Work item
Reproduce word for word the line holding "Borek Borek | Aurora | Planter | Ø61x61" and all lines after it in the data, through the end, leaving out pictures.

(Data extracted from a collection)

>>>>

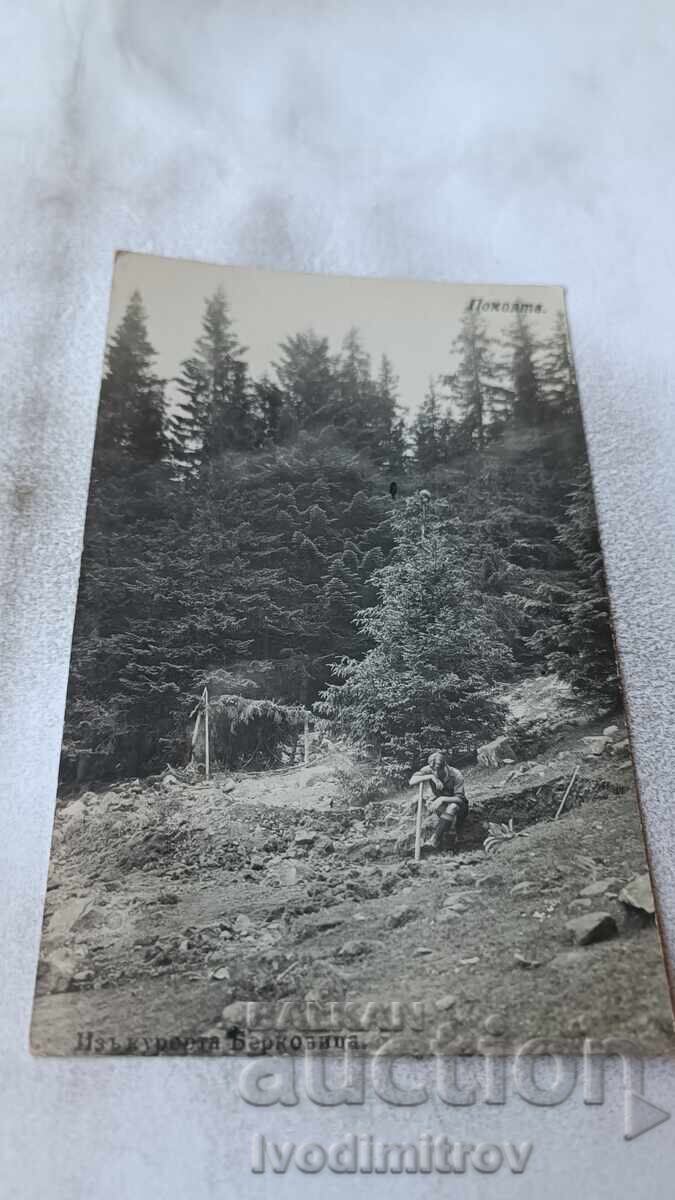 Пощенска картичка Изъ курорта Берковица Покоятъ Пощенска картичка Изъ курорта Берковица Покоятъ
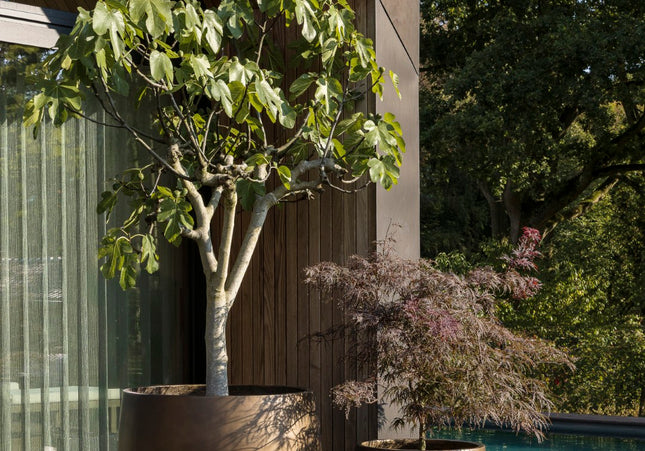 Borek Borek | Aurora | Planter | Ø61x61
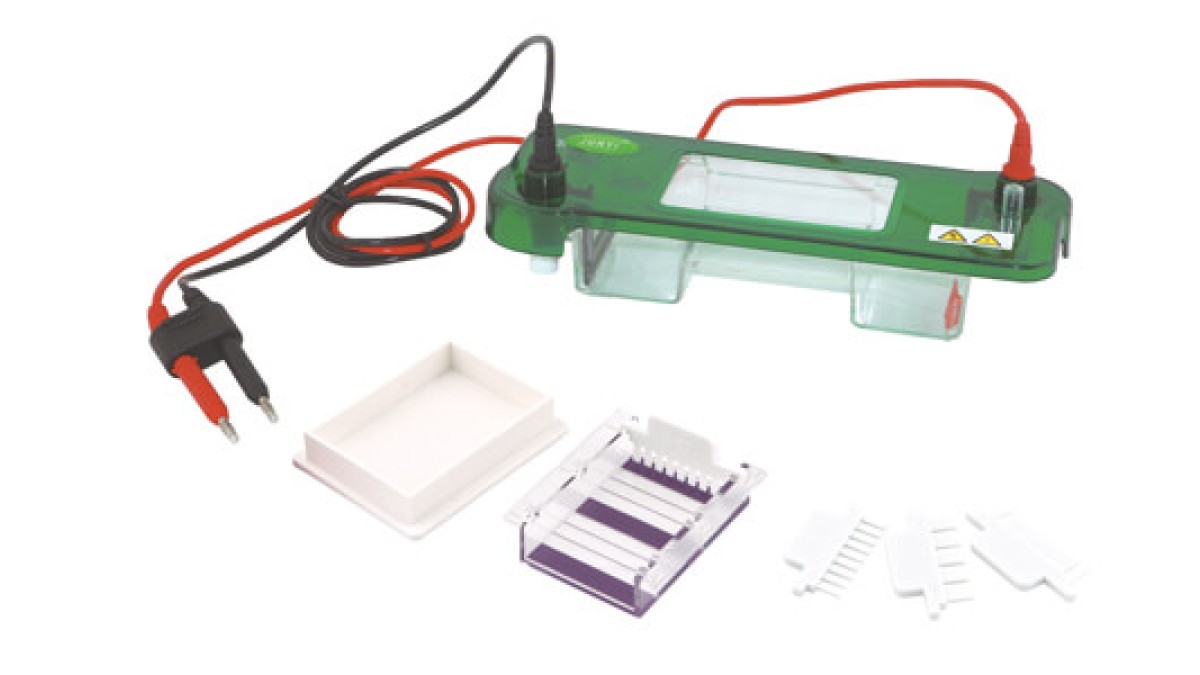 Horizontal Electrophoresis: Common Mistakes and How to Avoid Them in Daily Operations 2026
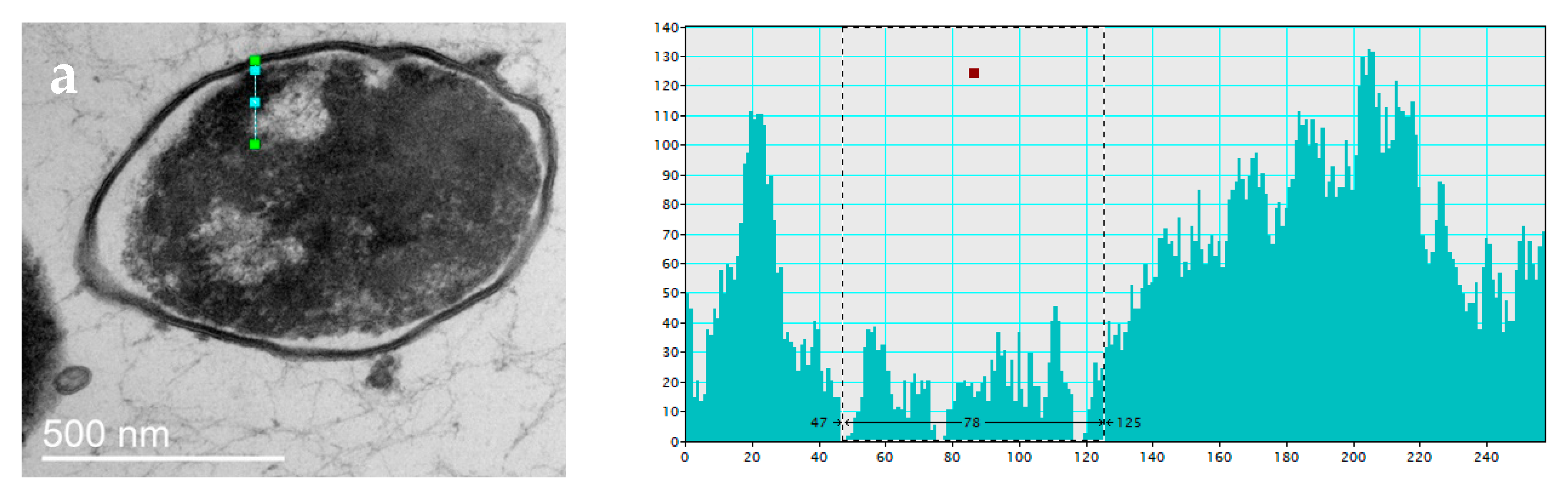Biology 12 00853 g005a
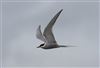 Arctic Tern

<<<<

Exercise response
 Borek Borek | Aurora | Planter | Ø61x61
 Horizontal Electrophoresis: Common Mistakes and How to Avoid Them in Daily Operations 2026
Biology 12 00853 g005a
 Arctic Tern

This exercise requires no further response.